Pitchers such as Schilling don't like QuesTec because they believe pitches that should be strikes are being called balls. But given the choice between a pitcher who's doing his best to win a game for his team and an unbiased machine that doesn't know a Diamondback from a Dodger, whose opinion would you trust? It's likely that the high-tech strike zone doesn't give the benefit of the doubt to those not-quite-on-the-corner pitches, a subtle change that can inflate a pitcher's earned run average like helium.
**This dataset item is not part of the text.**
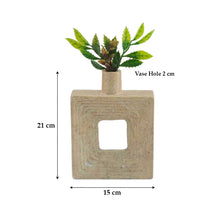 Load image into Gallery viewer, Stepped Geometric Vase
We're still far from the day when a computer flashes a green light for a strike and a red light for a ball. But it won't be a cause for mourning if and when that day arrives. The simple truth is that in calling pitches, a machine can come far closer to infallibility than a human can. There will still be plenty of need for umpires to work the bases and to control the game. Besides, any ump who loses his job to a computer has a ready-made gig waiting for him -- protecting the machine from guys like Schilling.

Sports Illustrated senior writer Phil Taylor writes about a Hot Button topic every Monday on SI.com.